The Side Shot Adventure

Not the One Shot, but the Side Shot...

For several years now as part of my ongoing campaign I sometimes run what I call a Side Shot Adventure.

During a Side Shot, the players make up new characters and then I run an adventure that is happening simultaneously that their regular characters are doing other stuff (like resting). The adventure happens far enough away that the two parties never bump into each other.

Below are a few examples of how I have done this:

The Orc Marauders - One of the PCs got separated from the main party and captured by orcs. As a cleric his abilities were valuable, so the orcs kept him alive and protected him. Each player except the cleric made an orc character and then played them accordingly, following a mission given to them by an orc high priest. The cleric PC later saw his old friends on a ship on a large river and escaped by swimming out to the ship.

The Obliteration Stone - The PCs were all thieves or assassins with various different skills (trapper, boxman, pickpocket, conman, etc) and tasked with stealing an Obliteration Stone from a Xarsian Temple in the city of Iztark, taking it to the Ivory Tower in the same city - where the multiclass priest/thief would then sacrifice a virgin to the Obliteration Stone to activate it... what resulted was the equivalent of a nuclear bomb going off and destroying most of the city. The regular PCs then witnessed the explosion and destruction of the city from a distance out in the desert - and later helped out a group of refugees fleeing from the destroyed city.

The Council of High Mages - For this one I ran the opening quest from one of the Vecna modules. During the opening of the module, the PCs play famous wizards (Mordenkainen, Evard, Otiluke, etc) who awake from a nightmare about an old tomb, call a council meeting, and then decide to investigate the old tomb. After getting past a few monsters and traps, they all get party wiped by Vecna who has some insane chronomancy skills and uses Haste and Time Stop to kill the entire party. The purpose of the opening is to scare the players into realizing that Vecna is super powerful and needs to be treated with respect, because if a party of powerful wizards couldn't fight him, then what chance does a lower level party have? For my purposes I changed the names of all the wizards and Vecna to other names, and I really only needed the opening as the rest of the module I am planning to use millenia later when the archlich has become more established. (My campaign spans multiple time periods. That way when I reintroduce the archlich, the players will go: "Oh, that guy... the one who party wiped us and escaped!")

The Dragonslayers - At one point the regular characters ran into a dragon that was too powerful for them and ran away. Fortunately a group of powerful dragonslayers heard about the dragon attacking the fishing village and came to slay it. Each player made a higher level character with specific skills useful for killing a dragon.

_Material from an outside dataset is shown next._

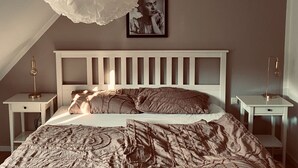 A bedroom with a white bed, a large ruffled window shade, a framed portrait on the wall, and bedside lamps. - "Holiday Apartment Frida" in the heart of Burkheim (Vogtsburg)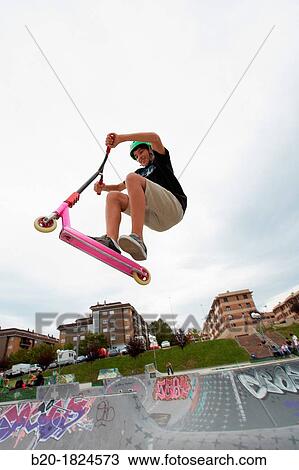 Stock Image - Teenager with city scooter in Skate park, Leioa, Bizkaia, Basque Country, Spain. Fotosearch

Note - While I did not think of it at the time, future DMs could in theory use the Larry Elmore painting (shown on the right) for the basis of a side shot game. Make 5 characters that match those in the painting.

Conclusions

Side Shot Adventures are useful in my opinion because they fill out a narrative and make for an useful storytelling device. Major events can be accomplished by other characters, but the players are still involved in the action. Background stories of PCs being captured and what happens to them can also be fleshed out, and sometimes a Side Shot Adventure can even be used to hint at a future adventure that is much further away.

For those people who love Star Wars, the film Rogue One is effectively a Side Shot Adventure.